2014 – Teacher Anne Maguire (aged 61) was stabbed to death in front of pupils inside Corpus Christi Catholic College – Leeds where she had taught for 40 years. 15-year-old Will Cornick was detained by teaching staff and later sentenced to life imprisonment.
2014 – New research showed that half of patients diagnosed with cancer today would effectively be ‘cured’. They could expect to survive for at least 10 years, by which point their prognosis was as good as that of those without the disease.The study also showed that survival rates in England and Wales had doubled since the 1970s.
Today in music
1973 – David Bowie released ‘Starman’ as a single in the UK, which became his first hit since 1969’s ‘Space Oddity’ three years before. The song was a late addition to the album The Rise And Fall Of Ziggy Stardust And The Spiders From Mars included at the insistence of RCA’s Dennis Katz, who heard a demo and loved the track, believing it would make a great single. The lyrics describe Ziggy Stardust bringing a message of hope to Earth’s youth through the radio, salvation by an alien ‘Starman’.

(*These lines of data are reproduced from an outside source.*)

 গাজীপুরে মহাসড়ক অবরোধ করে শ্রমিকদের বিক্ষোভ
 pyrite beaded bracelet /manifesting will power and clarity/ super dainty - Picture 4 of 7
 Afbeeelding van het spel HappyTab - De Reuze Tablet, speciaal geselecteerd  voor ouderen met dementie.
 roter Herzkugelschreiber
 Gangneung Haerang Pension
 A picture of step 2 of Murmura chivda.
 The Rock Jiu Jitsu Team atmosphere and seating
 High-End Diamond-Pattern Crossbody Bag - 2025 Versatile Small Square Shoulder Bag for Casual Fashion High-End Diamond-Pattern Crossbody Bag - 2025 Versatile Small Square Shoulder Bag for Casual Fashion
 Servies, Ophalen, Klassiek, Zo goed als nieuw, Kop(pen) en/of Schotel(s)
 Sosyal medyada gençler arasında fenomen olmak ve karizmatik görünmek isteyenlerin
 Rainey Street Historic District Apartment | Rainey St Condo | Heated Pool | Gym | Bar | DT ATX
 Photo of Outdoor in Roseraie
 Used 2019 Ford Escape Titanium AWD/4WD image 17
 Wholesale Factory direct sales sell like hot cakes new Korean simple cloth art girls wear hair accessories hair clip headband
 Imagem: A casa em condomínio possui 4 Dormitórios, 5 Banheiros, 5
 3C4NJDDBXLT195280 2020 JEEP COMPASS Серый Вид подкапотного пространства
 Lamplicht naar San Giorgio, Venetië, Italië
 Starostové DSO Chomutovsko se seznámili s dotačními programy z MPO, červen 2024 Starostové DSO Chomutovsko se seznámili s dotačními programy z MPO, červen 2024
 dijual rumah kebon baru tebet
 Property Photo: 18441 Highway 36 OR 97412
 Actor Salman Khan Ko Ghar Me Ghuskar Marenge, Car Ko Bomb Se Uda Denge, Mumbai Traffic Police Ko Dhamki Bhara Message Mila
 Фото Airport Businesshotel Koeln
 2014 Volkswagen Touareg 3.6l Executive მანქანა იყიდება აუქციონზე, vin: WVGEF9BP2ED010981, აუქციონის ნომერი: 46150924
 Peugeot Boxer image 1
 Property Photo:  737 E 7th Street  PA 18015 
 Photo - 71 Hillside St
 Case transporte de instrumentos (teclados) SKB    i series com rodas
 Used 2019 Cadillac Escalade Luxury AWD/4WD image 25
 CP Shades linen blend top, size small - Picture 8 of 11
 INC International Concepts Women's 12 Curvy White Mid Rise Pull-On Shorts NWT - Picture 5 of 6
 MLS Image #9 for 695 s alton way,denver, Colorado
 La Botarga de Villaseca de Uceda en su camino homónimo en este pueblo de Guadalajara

1973 – Pink Floyd’s The Dark Side Of The Moon went to No.1 in the US. The album went on to enjoy a record-breaking 741 discontinuous weeks on the Billboard chart, and has now sold over 45 million copies world-wide. After moving to the Billboard Top Pop Catalog Chart, the album notched up a further 759 weeks there, and had reached a total of over 1,500 weeks on the combined charts by May 2006.
2002 – Sugababes scored their first UK No.1 single with ‘Freak Like Me.’ The song was originally by American Adina Howard (1995) and was mixed with the synth line from Gary Numan’s 1979 hit ‘Are ‘Friends’ Electric?’.
2003 – Apple launched the iTunes Store, which gave users the ability to purchase and download music from the Internet directly to their iTunes library; in 2010 the store sold its 10 billionth song.
2013 – Emeli Sande set a new record for the most consecutive weeks on the UK’s Official Album Chart top 10 of any debut album. ‘Our Version Of Events’ was released in February 2012 and went on to become the biggest selling album that year. The album hadn’t dropped out of the top 10 since its release and had been in the UK’s Official Album Chart for 63 weeks. The 26-year-old singer had overtaken The Beatles who previously held the record.
Today in history
1442 – Edward IV, King of England and son of Richard, Duke of York, was born. He was the first king of the House of York.
1603 – Queen Elizabeth I’s funeral took place at Westminster Abbey.
1721 – The death of the pirate Mary Read (also known as Mark Read). She began dressing as a boy at a young age, at first by her mother in order to receive inheritance money and then as a teenager in order to join the British military. She and her crew-mate Anne Bonny (also in male disguise) are two of the most famed female pirates of all time, and among the few women known to have been convicted of piracy during the early 18th century, a golden age for piracy. On their arrest, both delayed execution on the grounds of being pregnant, though Mary died the following year, in prison, of a violent fever.
1770 – English navigator Captain James Cook and his crew, including the botanist Joseph Banks, landed in Australia, at Stingray Bay, which was later named Botany Bay.
1789 – The crew of the Bounty, led by Fletcher Christian, mutinied against the harsh life at sea under Captain Bligh. They were on the return journey from Tahiti where they had spent six months gathering breadfruit trees. Bligh and 17 others were cast adrift in a small boat without a chart. While the mutineers eventually colonized Pitcairn Island, Bligh managed to sail the small craft 3,618 miles to Timor, near Java, arriving there on 14th June.